While the Kashmir issue remains a topic of great contemplation nowadays with its relation to constitutional and central governance, India Today brings our attention to Gilgit-Baltistan in the Pakistan region.
At the time of partition of India, the princely state of Jammu and Kashmir comprised of five regions: Jammu, Kashmir, Ladakh, Gilgit Wazarat and Gilgit Agency.
In 1935, the British leased Gilgit Agency for 60 years from the King of Jammu and Kashmir. The British already had a political agent in Gilgit Wazarat to keep an eye on the USSR. A British military officer was the administrator of Gilgit Agency, and the combined region was under the control of Gilgit Scouts.
Before exiting India, the British withdrew the lease and handed back the region to the King of Jammu and Kashmir. The security arrangement was to remain in place until an alternative was found.
When Pakistan attacked Kashmir in October 1947, the British administrator Major William Brown mutinied with the help of Subedar Major Babar Khan. Major Brown was said to be close to his English boss stationed in Karachi and preferred reporting to him than the King.
The revolutionaries killed the King’s governor and a small group of Sikh and Gurkha soldiers in Gilgit. They sent a message to Karachi to occupy Gilgit Wazarat and Gilgit Agency declaring on their own accession to Pakistan for which no document was signed.
Pakistan occupied Gilgit Wazarat and Gilgit Agency – the region is more famously known as Gilgit-Baltistan — by the disloyalty of British officers of the Gilgit Scouts. Gilgit-Baltistan and Pakistan-occupied Kashmir (PoK) – a portion of the Kashmir Valley that Pakistan captured in 1947 and has held since 1949 ceasefire – remained a single unit till 1970.

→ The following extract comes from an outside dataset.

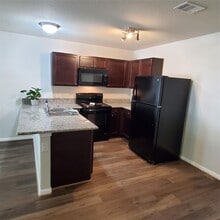 609 Cedar Point Dr in Livingston, TX - Building Photo - Building Photo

Pakistan had been facing complications in governing Gilgit-Baltistan, which was a multi-lingual Shia-dominated region. Following the embarrassment in the 1971 war, Pakistan carved out a separate region of Gilgit-Baltistan, renamed it as Northern Territory and placed it under the direct rule of the federal government.
The region of Kashmir Valley remained as Azad Kashmir in Pakistani political lexicon. In 1974, Pakistan announced a rule overriding the 1927 law proclaimed by the King of Jammu and Kashmir that denied property ownership to outsiders. It was the same right that was ensured through Article 370 in Jammu and Kashmir and was in force until repealed by Modi Government.
Later, Pakistan pushed settlement of Sunni Muslims from neighbouring North-West Frontier Province leading to sectarian clashes in Gilgit-Baltistan.
Today, Gilgit-Baltistan has a legislative assembly with restricted powers. It is governed by the Ministry of Kashmir Affairs and Gilgit Baltistan in the government of Pakistan. The real power resides in a council headed by the prime minister of Pakistan.
Interestingly, while Pakistan lays claim to the territories of Pakistan-occupied Kashmir and Gilgit-Baltistan, legally, its constitution does not recognise them as parts of the country.
Its constitution talks about a future date when the people of Jammu and Kashmir may decide to accede to it but there is no recognition to Gilgit-Baltistan and PoK, which are legally parts of India, according to the Instrument of Accession.
In 1994, the Indian Parliament adopted a resolution reiterating that Gilgit-Baltistan and PoK are Indian territories occupied illegally by Pakistan. In 2017, the British Parliament, too, adopted a resolution stating that Gilgit-Baltistan legally belongs to India by virtue of accession of the princely state of Jammu and Kashmir to India.